We love Thailand. We visited many times and have spent some magical times here amongst the most delightful people so we looked forward to another visit, even if it was to be a short one.
So I was up and about early, looking out to see what was what and my curiosity was rewarded by the most lovely sunrise.
We were headed for the north of the island, to Phang Nga Bay today. Even though we had done this identical tour on a previous visit, for some reason, we decided to repeat it! (I guess we enjoyed that day)
Any way, off we set after breakfast, in a none too smart vehicle today - though the air conditioning did look a bit dodgy, at least it worked!
And come on, at least we were more comfortable than these people, tightly packed as they were.
Waiting in lengthy traffic queues gave us ample opportunity to survey the local wiring, though I suspect it might take some time to separate out the wires from the plantlife, don't you?
We smiled, too, as we stopped outside the chicken shop with a name/logo mismatch.
Eventually, after more than a couple of hours driving through heavy traffic, we arrived at our destination, and ting a ling ting a ling here came the local ice cream lady to try and sell us something! A timely arrival but we were more interested in getting along to the boat that was waiting for us somewhere nearby.
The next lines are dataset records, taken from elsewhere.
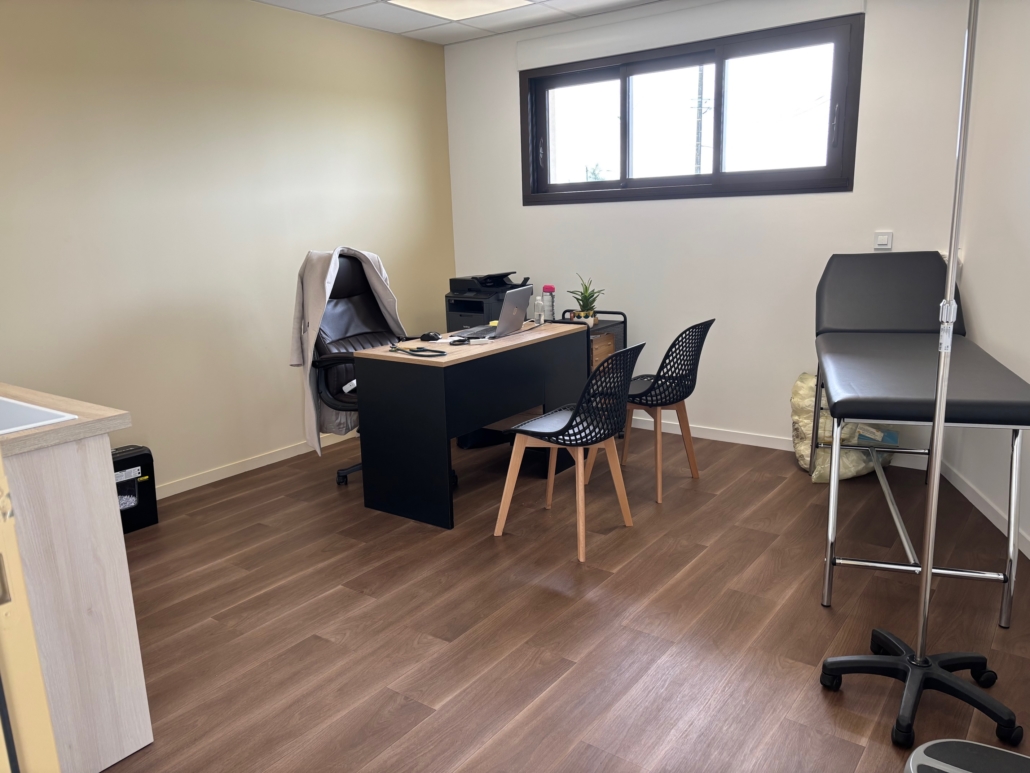 Bureau 20m2 ( ne fais pas attention au bazarre 🫣)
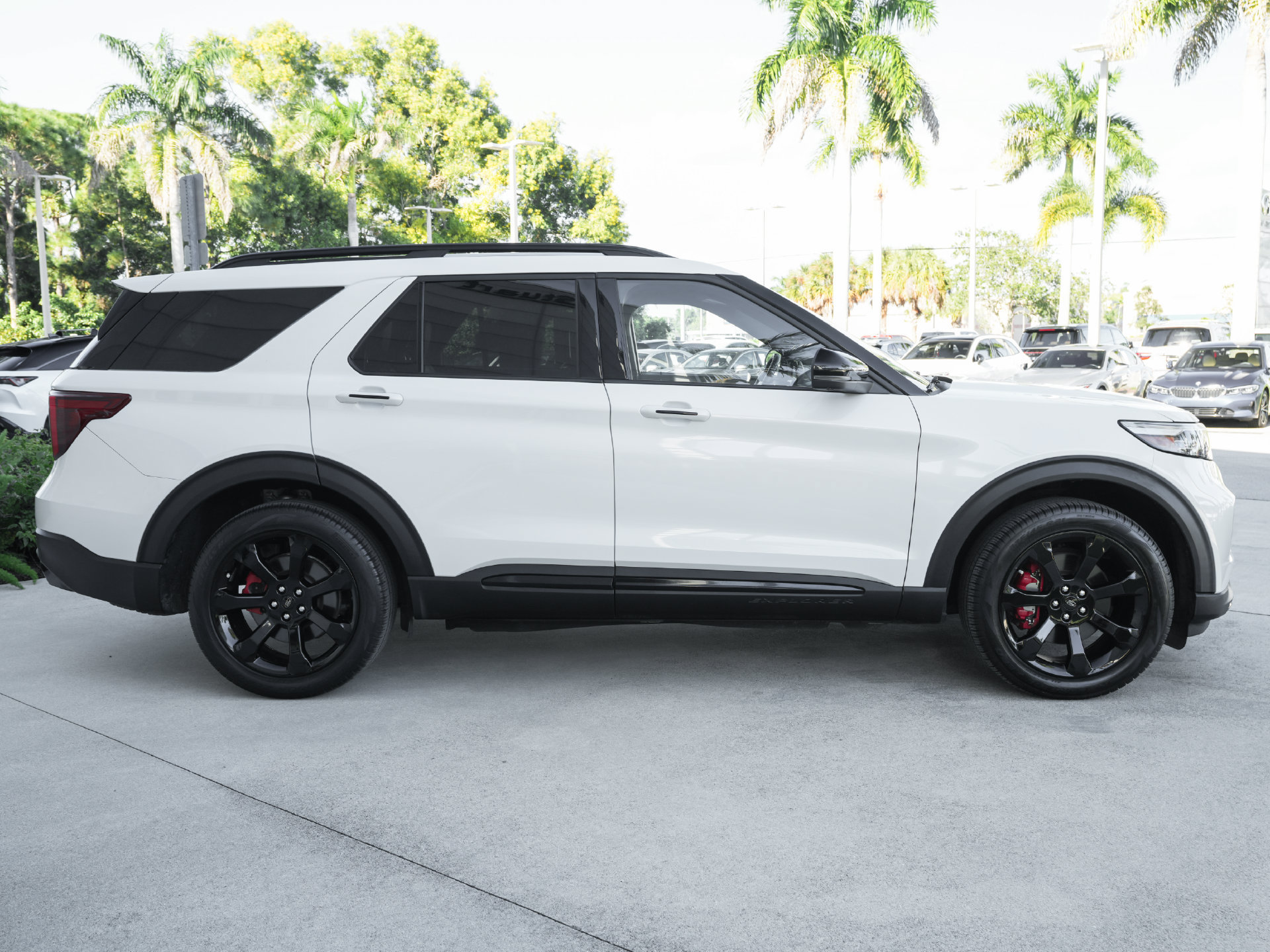 Used 2023 Ford Explorer ST w/ Equipment Group 401A AWD/4WD image 32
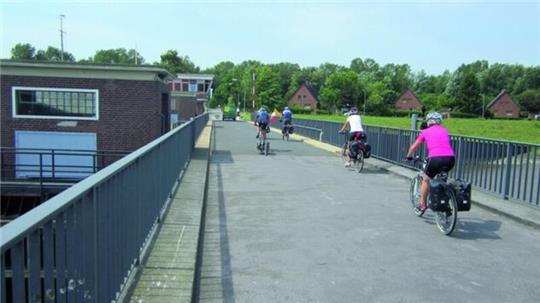 Die Verbindung über das Oste-Sperrwerk ist für zahlreiche Radfahrer eine interessante und viel genutzte Strecke.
A short walk around the corner and there it was. Not the sleekest, most elegant vessel of the fleet, but hopefully reliable enough to get us there and back ok.
Getting on and off the boat presented a challenge for those of us who live a more comfortable, stately life.
Of course, if you live by the water and wear flip flops all day, then you just jump...so quickly that the woman with the camera only catches your tail end as you do!
Off we chugged then, the basic outboard motor power assisted by the outgoing tide. We passed the village with the market, Ko Panyee where we were scheduled to make a stop on the way back. For now, we admired the colourful scene and sailed right on by.
Once out in the bay, the local boats were moored alongside one another, waiting for work. Though we thought the area was full of people today, clearly on some days it's busier still though as it's a national park, I imagine numbers are controlled.
On we chugged, following the coastline quite closely as the water was shallow in places. As frequently happens, we chatted about similar experiences and tried to remember where we got stuck on a sandbank in similar circumstances. What fun we have!
The landscape here is of karst rocks, similar to that of Halong Bay in Vietnam, or in Guilin, China and sailing slowly through the most photogenic areas it was easy to see why this place is so popular with visitors.
Previously, we'd sailed through this arch in the rocks, but now, it's roped off and only the kayakers get to see it up close. Apparently I shot a video of sailing thrugh there - if I can find it, I'll update this post later.
As we chugged around the area, some more elegant travellers managed to maintain their poise regardless of their situation!
This area was filled with these small kayaks, each with a couple of rather younger, more agile visitors than us and paddled by a local "driver". The attraction was James Bond Island which was also the focus and turning point of our tour.
I wasn't sorry we weren't going ashore. It appears to be a bit of a tourist trap and I don't think there's much of interest, never mind the fact that, having got into this boat, I knew it wasn't going to be any easier getting out of it.
But soon, we were back at Ko Pan Yi and of course, we had a scheduled stop here.
Yes! We all made it on to the rickety floating jetty somehow or other. An elegant procedure, it was not but who cares?
Today, we were led through the market to the school nearby and our guide Bob explained how the village had come to be. Whilst he chattered away, I took a look around, finding this little notice outside the door to the Kindergarten especially interesting.
From there, it was a swift walk back to the boat, where armed with practice and our new found skills of climbing on board, settled in for the ride home, first to the jetty, then to the hotel for a quick bite to eat before getting back on the coach to drive back to the harbour.
Most snoozed and thankfully, Bob kept his commentary to a minimum this time. I was fascinated by the variety of fruits passing us by...I didn't get my camera out for the load of durians, but the pineapples were travelling a little more slowly!
Yes, we love Thailand, but once again we mused on how tourism is changing these places, not always for the better. Of course, we're as guilty as anyone else because we love to travel and visit far flung corners of the world too. But as the people here begin to depend on tourism more and more for their income, more traditional ways of making a living are disappearing. Food for thought tonight.